2 years later, Albert returns to NBC

Once-banished announcer shuns Fox for NBA, Games

June 30, 1999|By Milton Kent | Milton Kent,SUN SPORTS MEDIA CRITIC

Marv Albert, who was banished from broadcast sports television nearly two years ago after his conviction on assault charges, will return to NBC Sports and the NBA.

The network announced yesterday that Albert, a 20-year NBC veteran, will return to call NBA games next season, as well as boxing in the Summer Olympics next year and men's hockey during the 2002 Winter Olympics.

For Albert, who had been wooed by Fox to do NFL games, the chance to return to the sport he has been most closely associated with, basketball, and the network he has been identified with, NBC, were too strong to pass up.

"I love the NFL, but, to me, the NBA is everything," Albert said in a national conference call. "It meant a lot to me to come back. Walking back into the building at 30 Rock [NBC's New York headquarters at 30 Rockefeller Plaza] was a thrill, though the security guard did stop me."

Albert will not, however, return as lead NBA announcer, a post he had held from 1990, when NBC got the NBA contract, until his firing in 1997. NBC Sports chairman Dick Ebersol said Albert will team with a yet undetermined analyst on one of four announcing teams that will call the league's schedule.

Albert will work on at least 12 of the 14 weekends that NBC will have NBA regular-season games next season, Ebersol said, and will have at least four weeks of postseason assignments as well.

"We wanted him to come home, and clearly this is a happy day," Ebersol said. "I can't tell you how happy this has made all the employees here at NBC."

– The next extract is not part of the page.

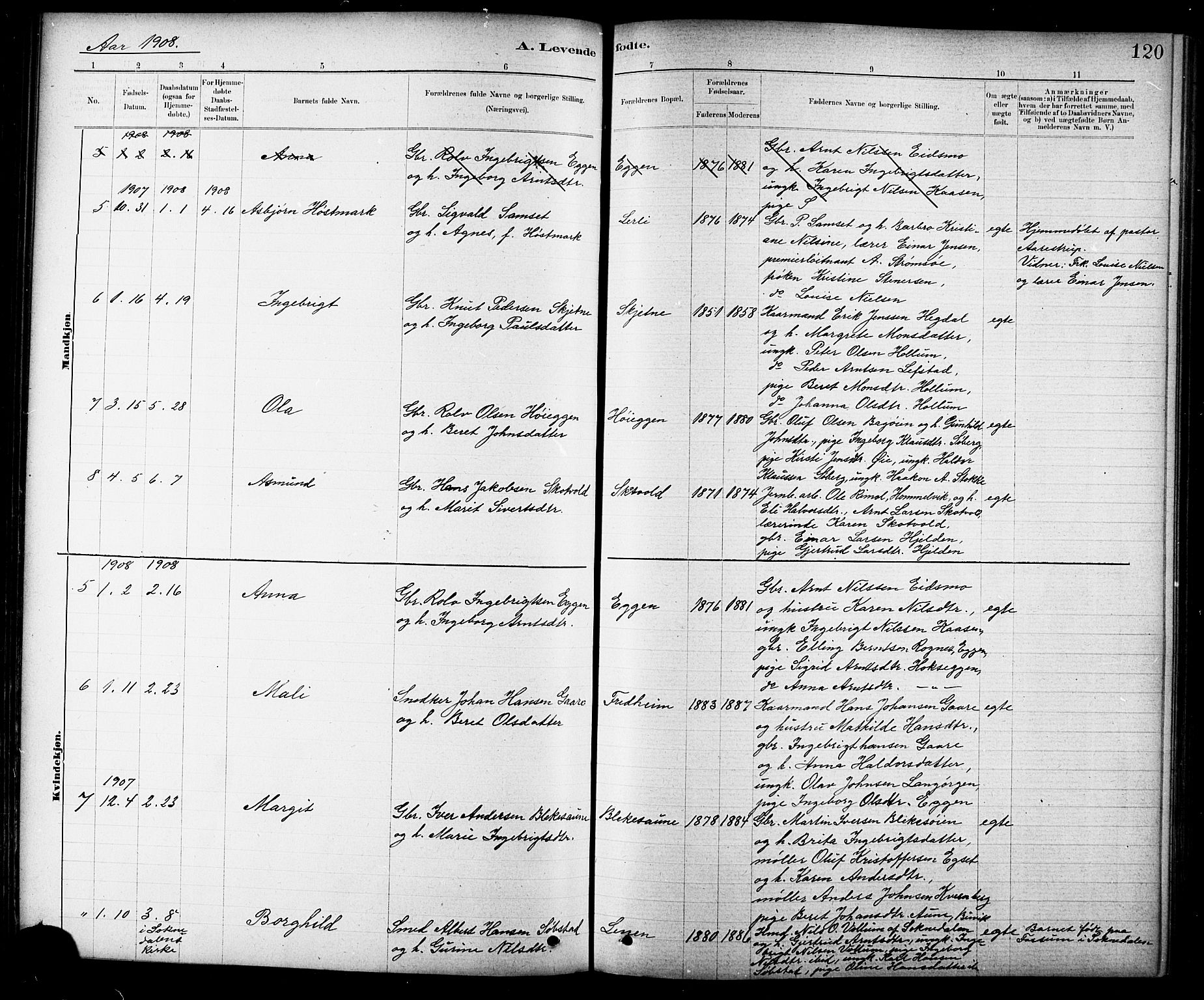 Ministerialprotokoller, klokkerbøker og fødselsregistre - Sør-Trøndelag, AV/SAT-A-1456/691/L1094: Klokkerbok nr. 691C05, 1879-1911, s. 120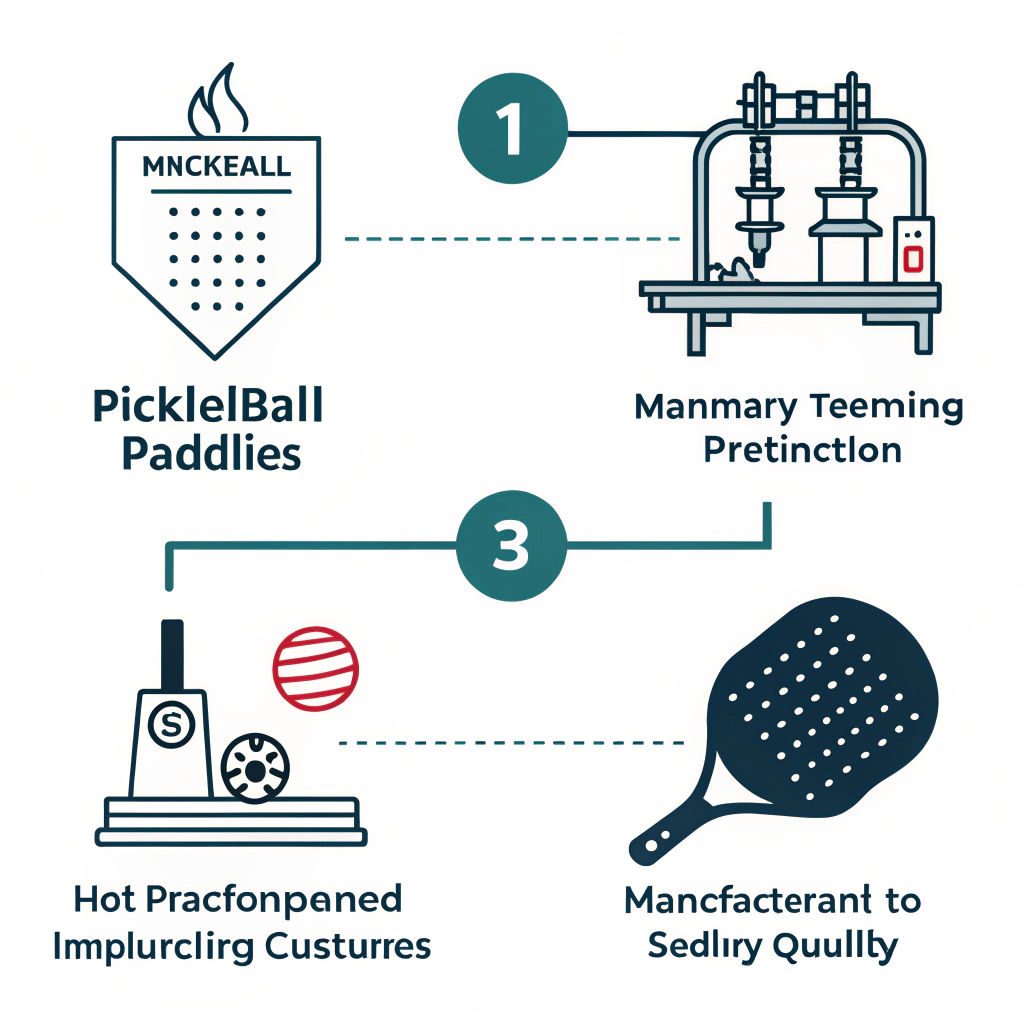 Minimal flat design illustration showing pickleball paddle manufacturing process with modern machinery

Yesterday's announcement is the final step in the remaking of Albert's image, which was tattered after his guilty plea in September 1997 in Virginia on charges that he assaulted a former girlfriend.

Albert vigorously denied the charges before the trial, but after his guilty plea, he was fired by NBC and resigned from Madison Square Garden Network, where he had worked for three decades as the voice of the New York Knicks and Rangers.

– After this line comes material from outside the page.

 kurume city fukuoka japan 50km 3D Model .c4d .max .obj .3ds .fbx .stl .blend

However, MSG soon rehired Albert as host of its nightly highlights show and, this spring, Turner Sports brought him aboard to call NBA games. He will continue with Turner and MSG, in addition to his NBC duties.

Ebersol said he had kept in regular contact with Albert and fostered a hope that the popular announcer would someday return to NBC.

"We did what we felt we had to do at the time, but, most importantly, Marv did what he had to do," Ebersol said. "I made it emphatically clear that it was my most earnest desire to have Marv back."

Albert, who subsequently remarried and received therapy, said he bore no ill will toward NBC or Ebersol.

"I didn't take the attitude that they did this to me. I understand what had to be done," Albert said. "I felt I'd be working, but I never took it for granted that it would be here [at NBC]. It was a distant hope, and that's why it's so thrilling to me to have this happen. It's a weird, nice feeling."